家の手伝いをする傍ら、時折スーパーマーケットで青果売り場の売り子をしている。姉が家を出てから、母は本当に彼女に頼るようになっていた。いつか自分がこの八百屋を継ぐのだ。母と同じように、毎日新鮮で安全な野菜を売って、時々パンを焼いて、そうして母と二人で暮らしてゆくのだ。彼女はそう考えていた。それでいいと思っていた。お姉ちゃんは結婚をしたけれど、わたしにはたぶん、そういうことをすることはないだろう。母以外の誰かを選ぶことなんて、たぶん、ないんじゃないだろうか。彼女はそんなことを思っていた。お母さんにはもう、わたししかいない。わたしは母を捨てるわけには行かない。彼女の心は揺らがなかった。
揺らがなかったのだ。

しかし、不意に好きな人が出来た。
スーパーでアルバイトしている同僚だ。やっぱり大学生で、一人暮らしで苦しい生活をしているそうだ。困窮を見かねて野菜やパンを差し入れてやったことから、いつしか気安く話をするようになった。女の人は苦手なんだけど、君はなんだか話しやすいよ、と彼は笑った。それは、わたしが「おんなおんな」していないからなのかもしれない。他愛のない雑談をしながら、彼女はそんなことを考えた。それでいい、と思っていたけれども彼女は心のどこかが痛いのを感じていた。

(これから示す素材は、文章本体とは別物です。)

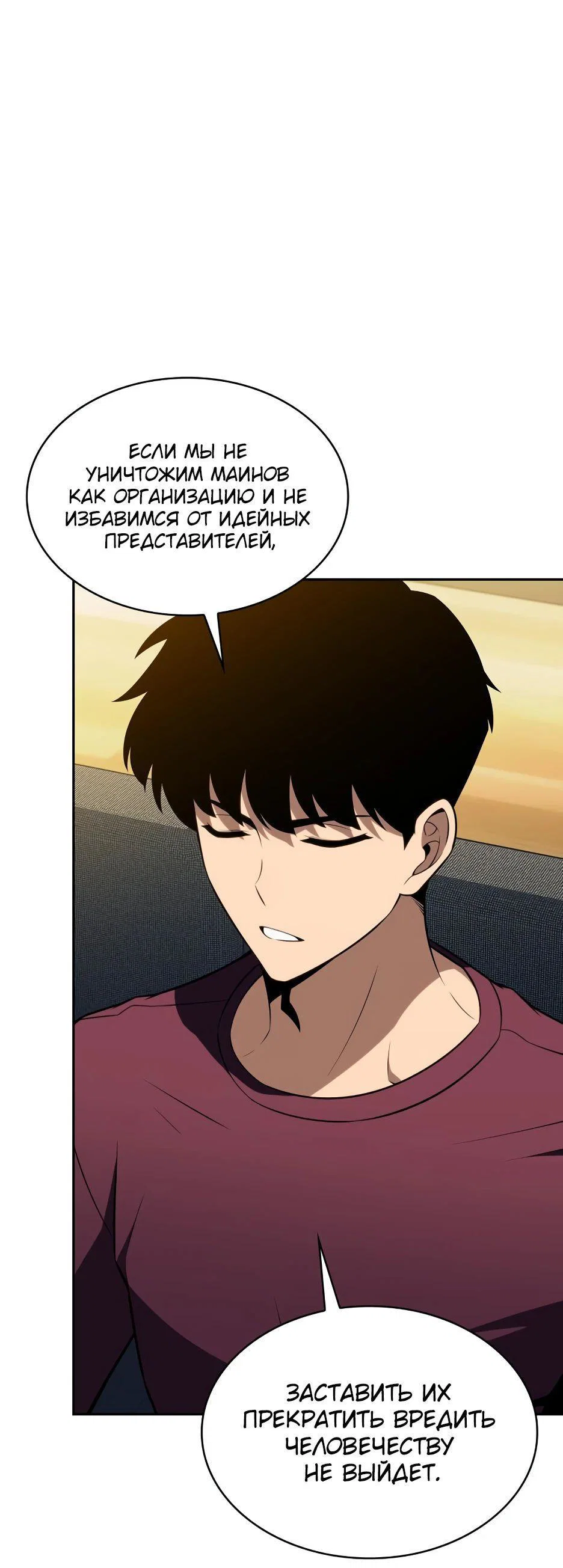 Read Я единственный новичок максимального уровня RU Manga Online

結婚式で渡されたリップを、指でもてあそびながら彼のことを考えた。夕飯後の自室である。お化粧をしていったら、彼はなんて言うだろう。気付いてくれるだろうか。似合わないと笑われたらどうしよう。
悩みながら彼女はこっそりリップを塗ってみた。薄い色だった。ああ、これなら。彼女は鏡を見て何度か微笑み、そしてリップを丁寧に拭った。化粧をしているところを母に見られてはならない、と思ったのだ。母にはわたししかいない。それが彼女の心を少しだけ締め付けた。

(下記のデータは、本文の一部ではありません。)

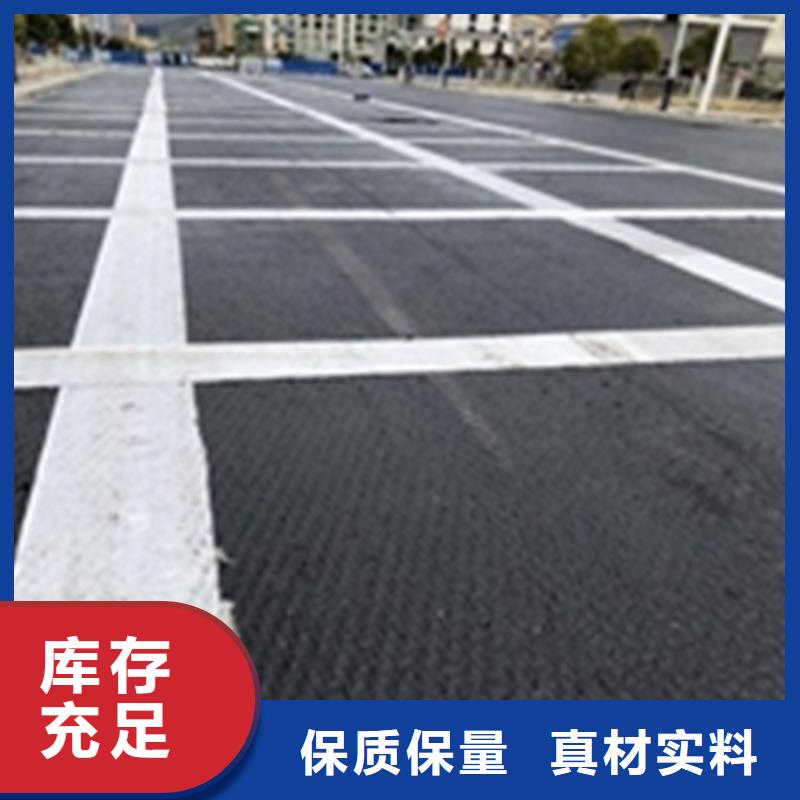抗裂贴-钢塑格栅有实力有经验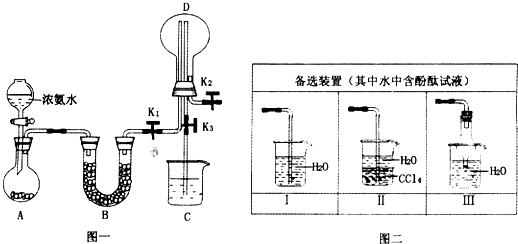 印刷胶辊与肥皂的制备装置图及其工艺研究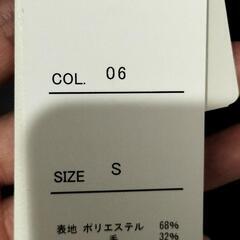 メンズ ジャケット Sサイズの画像
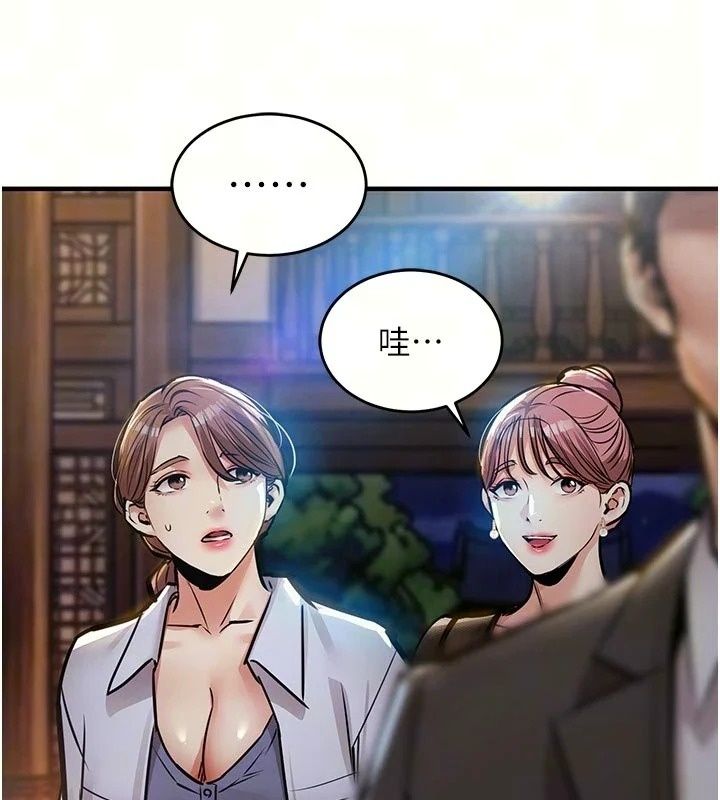 衣錦還鄉第65話-年輕嫩穴就是美味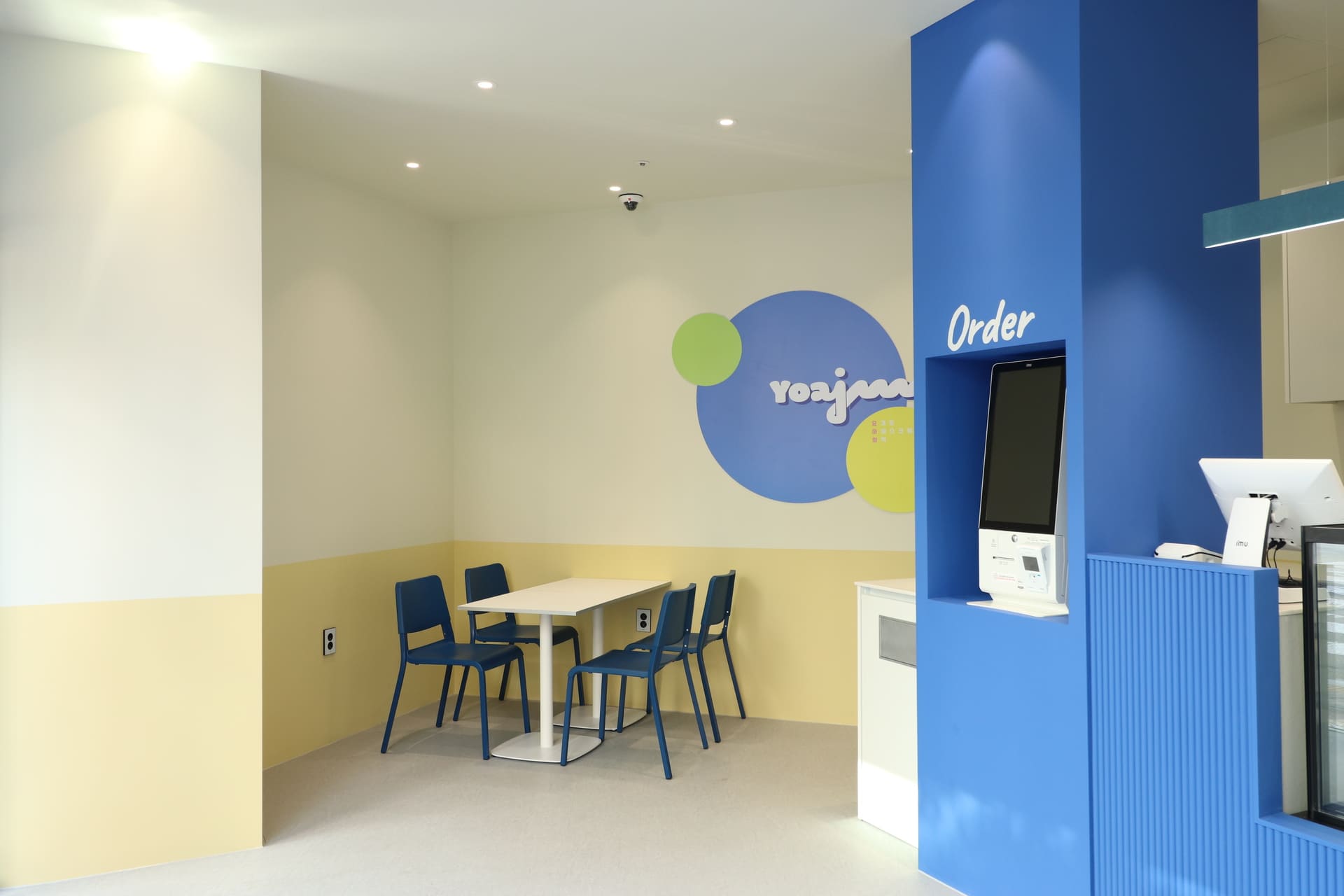 어텀디자인 요아정8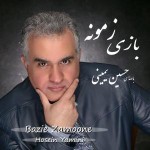 دانلود آهنگ حسرت از حسین یمینی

初めてリップを塗って行った日に彼は、なんだかいつもと感じが違うね、と気付いてくれた。わたしを見る目が少し違うような気がする。そんな、微かな事柄が彼女の世界に色をつけたような気がする。些細なことが世界を変えるのだ。
しかし、母に隠れて化粧をするというのは、やはり心が痛んだ。リップを塗るだけでも、どこか、育ててくれた母を裏切ってしまっているような気になるときがある。堂々と、お化粧をして家から出かけないのは、なんだか本当に後ろめたい。

しかし、いつかお母さんもわかってくれる、と彼女は思う。そのときまで彼女は待とうと思う。だから、彼女は今日もこっそりお化粧をする。大学へ向かう電車の中、キャンパスから向かうアルバイト先へのバスの中、アルバイトが終われば家に帰るまでに落としてしまう、ほんの少しのお化粧だ。
写る地下鉄の窓に目を向け、彼女は今日も淡いリップを塗るのだ。